Do you see any problems with the following algorithm that converts Link
list to Binary Search tree. Can you think of a better solution?

node* LLtoBST(node *head, int num)
{

node *root=head;
int i, mid=(num+1)/2;

if(!head) return NULL;

if(n==1){
head->prev=NULL;
head->next=NULL;
}

else{
for (int i=0;i<mid;++i,root=root->next)
;
root->prev=LLtoBST(head, mid-1);
root->next=LLtoBST(root->next,mid-1);
}
return root;

}

 

[Howard]

Do you see any problems with the following algorithm that converts Link
list to Binary Search tree. >

Aside from the fact it won't compile, you mean?

Can you think of a better solution?

node* LLtoBST(node *head, int num)
{

node *root=head;
int i, mid=(num+1)/2;

Why do you declare i here? It's already declared as an int in the loop
below.

if(!head) return NULL;

This could be at the top, to save a couple steps.

if(n==1){

What's n? Did you mean num?

head->prev=NULL;
head->next=NULL;
}

else{
for (int i=0;i<mid;++i,root=root->next)
;
root->prev=LLtoBST(head, mid-1);

Suppose num is 4. Then mid = (4+1)/2 = 5/2 = 2. So, mid-1 is 1. So you're
going to point your "left" member to the original head of the list, with
only one member. But the loop above just moved the pointer to the third
item in the list, so you're going to lose the second item, aren't you? I
suspect that the num passed to this function needs to be mid, not mid-1.

But that's just for num==4. What about other values of num?
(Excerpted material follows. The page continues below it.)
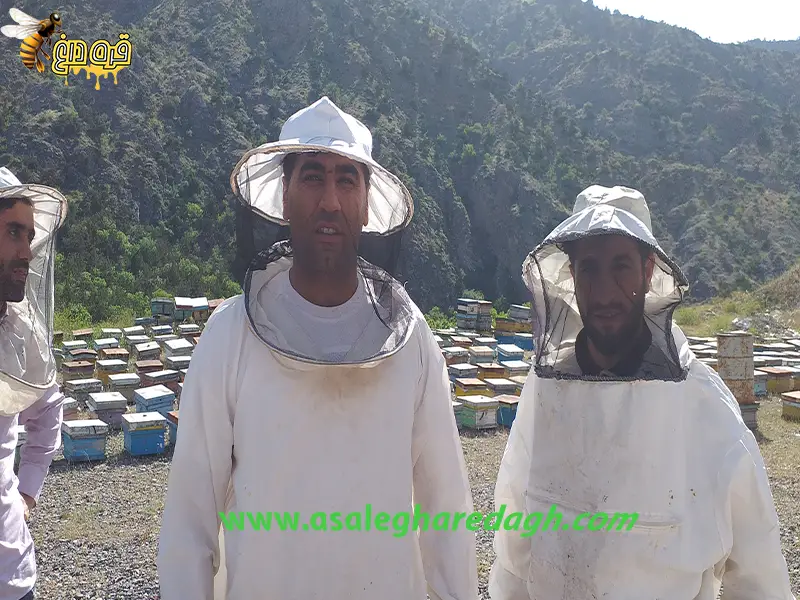 بزرگترین تولید کننده ی عسل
root->next=LLtoBST(root->next,mid-1);
}
return root;

}

Step through this on paper, carefully, for both odd and even values of num.
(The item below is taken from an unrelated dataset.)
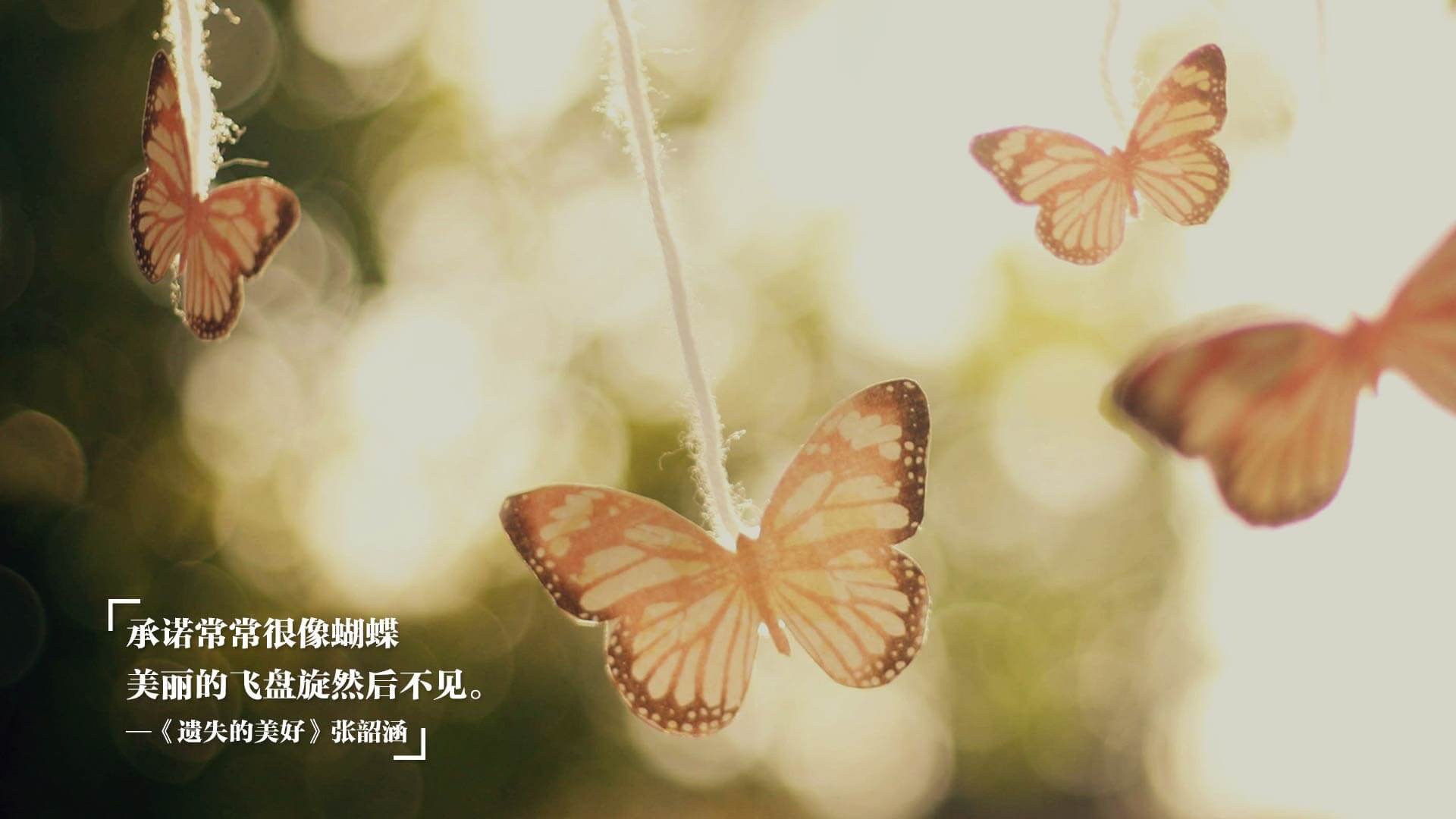 26连败阴影下，范弗利特挺身而出用42分凿穿亚特兰大防线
Then, once you have a good design, and have coded it so that ther's no
compile errors, step through it in the debugger and see if it does exactly
what your paper version did.

Also, you mention that you're creating a "Binary Search Tree". But you
don't say whether the linked list is sorted or not. If it isn't then your
tree isn't going to be sorted, either.

-Howard

 

[Joseph Turian]

pc:

You should also keep in mind that splitting it down the middle may not
guarantee the best amortized performance. It depends upon the
distribution of the queries.

For example, if you only have right children i.e. with the lowest
element at the root and the highest element as the (rightmost) leaf,
this will give the best performance if you're only looking up the
lowest element.

If I'm not mistaken, a balanced tree is desirable iff the queries are
uniformly distributed over the stored items (i.e. if there are no
queries for items that don't exist). If there are queries for items
that don't exist, then the analysis gets much hairier.

Joseph